CS 109A/STAT 121A/AC 209A/CSCI E-109A

Standard Section 3: Prediction using kNN and Regression Methods

Harvard University
Fall 2017
Section Leaders: Nathaniel Burbank, Albert Wu, Matthew Holman
Instructors: Pavlos Protopapas, Kevin Rader, Rahul Dave, Margo Levine

**Download this notebook from the CS109 repo or here:**
**http://bit.ly/109_S3**

For this section, our goal is to get you familiarized with k-Nearest Neighbors, Linear, and Polynomial Regression. These methods find powerful applications in all walks of life and are centered around prediction.

Specifically, we will:

1. Review some data selection basics
2. Load in the iris dataset which is split into a training and testing dataset
3. Do some basic exploratory analysis of the dataset and go through a scatterplot
4. Write out the algorithm for kNN WITHOUT using the sklearn package
5. Use the sklearn package to implement kNN and compare to the one we did by hand
6. Extend the sklearn package to linear and polynomial regression 

For this section we will be using the following packages:

In [ ]:
import sys
import numpy as np
import pandas as pd
pd.set_option('display.max_rows', 999)
pd.set_option('display.width', 500)
pd.set_option('display.notebook_repr_html', True)
import matplotlib
import matplotlib.pyplot as plt
import seaborn as sns

from sklearn.neighbors import KNeighborsClassifier
from sklearn.model_selection import train_test_split
# Note --  Requires sklearn version .18 or higher  
from sklearn import metrics, datasets
from collections import Counter
import statsmodels.api as sm
from statsmodels.api import OLS
from sklearn.preprocessing import PolynomialFeatures
from sklearn.linear_model import LinearRegression
%matplotlib inline

assert(sys.version_info.major==3),print(sys.version)
# Python 3 or higher is required

Review – Python list comprehensions

In [ ]:
# Makes a list of all the even numbers from 0 to 20 
# with a for loop
l = []
for i in range(20):
    if i%2 ==0:
        l.append(i)
l

Makes a list of even numbers from 0 to 20 using a python list comprehension

In [ ]:
## Your code here

Selecting by assigned index vs integer position

In [ ]:
data_url = 'https://raw.githubusercontent.com/nathanielburbank/CS109/master/data/states.csv'
states = pd.read_csv(data_url,index_col=0)
states.head()

Select just the columns from 1930 to 1960

In [ ]:
states[['1930','1940','1950','1960']].head()
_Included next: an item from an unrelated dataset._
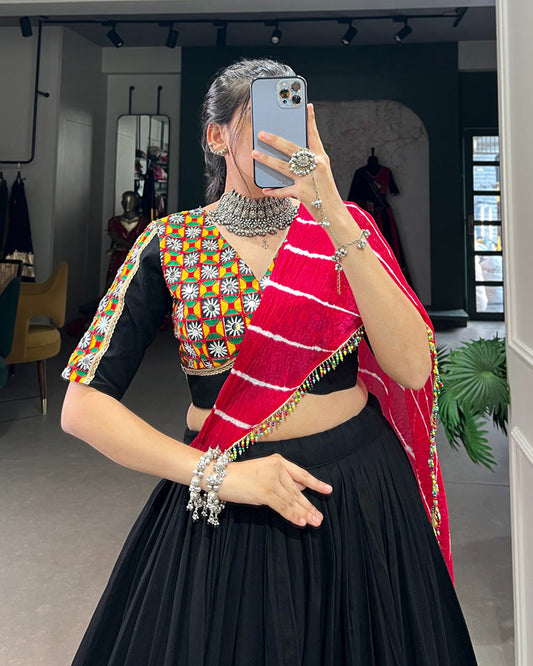 Multi Black Color Pure Rayon Navratri Lehenga Choli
Select just New York, New Jersey, and Connecticut

In [ ]:
tristate = ['New York','New Jersey','Connecticut']
## Your code here

Select just New York, New Jersey, and Connecticut from 1930 to 1960

In [ ]:
## Your code here

Select the states between Nevada and New York, from 1930 to 1960

In [ ]:
## Your code here

Select rows 10 to 15 by positon

In [ ]:
## Your code here

Select rows 10 to 15, and the last five columns (by position)

In [ ]:
## Your code here

Load in the iris dataset and EDA:

The iris dataset can be found within the sklearn package and contains measurement data for three types of Iris' (a kind of flower): 1) Setosa, 2) Versicolour, and 3) Virginica. For each type of Iris, we have recorded the sepal length, sepal width, petal length, and petal width in centimeters. (The sepal can be basically thought of as the outer-most petal of a flower). These four measurements were done on 50 unique Setosa, 50 unique Versicolour, and 50 unique Virginia flowers for a total of 150 unique flower measurements.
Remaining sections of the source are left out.